Every member of the food allergy community “preps” on a regular basis. We “prep” safe foods for school lunches, special trips, and just everyday eating. We also “prep” by always carrying epinephrine and diphenhydramine (Benadryl) in addition to various creams, lotions, asthma medications, etc. Preventative measures are a part of who we are and what we do in regards to food allergy.

As we are more vigilant than many in our day-to-day lives so we need to be more prepared in emergency situations.



Stuck on the WV Turnpike via WSAZ

We are fundamentally a community of preparedness but what happens in the event of an emergency when essentials such as water and power are unavailable for extended periods of time? Could you prepare safe foods for your family in the event of a massive power outage (West Coast 2011) or a water crisis (Charleston, WV)?  What if you were stranded in your car on an impassable highway? You may think it’s not likely, but I bet that’s what people in Atlanta (aka Hotlanta), GA thought in January of this year when a snow and ice storm brought the city to a standstill.

In the last year in my in my home state of West Virginia, there have been massive statewide power outages, weeks to months of water safety concerns, and winter travelers stranded for up to  20 hours on the WV Turnpike. I know these local events have changed the way I think about preparedness for my family but particularly for my food allergic child.

The power outage in July 2012 was an eye opener  as gas stations didn’t even have the power to pump the gas needed for vehicles or generators, pharmacies were closed, and the local hospitals struggled to stay powered.  The water crisis in Charleston was horrifying on so many levels, but it made many of us keenly aware of how much we truly take clean, potable, readily available water for granted. After the Turnpike incident, I began carrying an emergency bag (based on season) in the car.

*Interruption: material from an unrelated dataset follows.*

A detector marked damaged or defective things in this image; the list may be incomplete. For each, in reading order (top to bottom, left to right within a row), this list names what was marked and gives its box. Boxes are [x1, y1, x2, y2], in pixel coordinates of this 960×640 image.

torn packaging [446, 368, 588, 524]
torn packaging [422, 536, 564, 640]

Water and power are key components in how we care for our food allergic loved ones. The health and, ultimately, lives of food allergic individuals rely on proper cleanliness to reduce risks of cross contamination.

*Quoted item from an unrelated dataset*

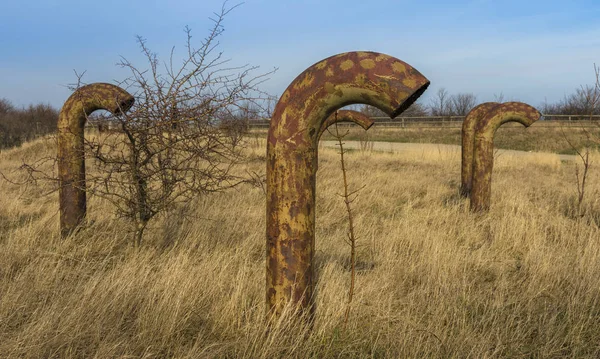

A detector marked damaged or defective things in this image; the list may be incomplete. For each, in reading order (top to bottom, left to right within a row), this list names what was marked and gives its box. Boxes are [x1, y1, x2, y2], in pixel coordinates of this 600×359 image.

The federal government in conjunction with various state institutions use this month as an opportunity to encourage citizens to prepare for a multitude of scenarios. Assorted government entities have even addressed, sometimes tongue and cheek, a few worst case events.  HealthyChildren.org has posted information on family disaster supply lists as well.

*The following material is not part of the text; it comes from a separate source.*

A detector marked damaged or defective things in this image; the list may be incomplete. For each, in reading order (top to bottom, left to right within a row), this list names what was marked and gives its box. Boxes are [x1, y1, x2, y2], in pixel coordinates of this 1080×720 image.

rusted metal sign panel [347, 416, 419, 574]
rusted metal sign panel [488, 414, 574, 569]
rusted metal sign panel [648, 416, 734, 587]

Now, don’t get me wrong, I am not advocating Doomsday Prepping.  What I am advocating is having a family plan and  an emergency car travel bag.

What and How?

1. What are the most likely scenarios in your neck of the woods? Tornado, flooding, earthquake, hurricane, snow, wild fire, etc.? Make your plan fit your location.

2. Find out the specifics of each child’s daycare or school disaster plan in the event of separation.

3. Create the family disaster plan which will include (but is not limited to): meeting places, routes of evacuation, and communication strategy.

4. Obtain two copies of important documents (and don’t keep them in the same location)

5. Stock the emergency car travel bag. Items may need rotated based on season but may include:  blankets, battery powered flash lights/radio, extra batteries, first aid kit, change of clothes/shoes, important numbers, extra phone charger, cash,  garbage bag, etc. This list is not all inclusive; please use the resources below for more ideas.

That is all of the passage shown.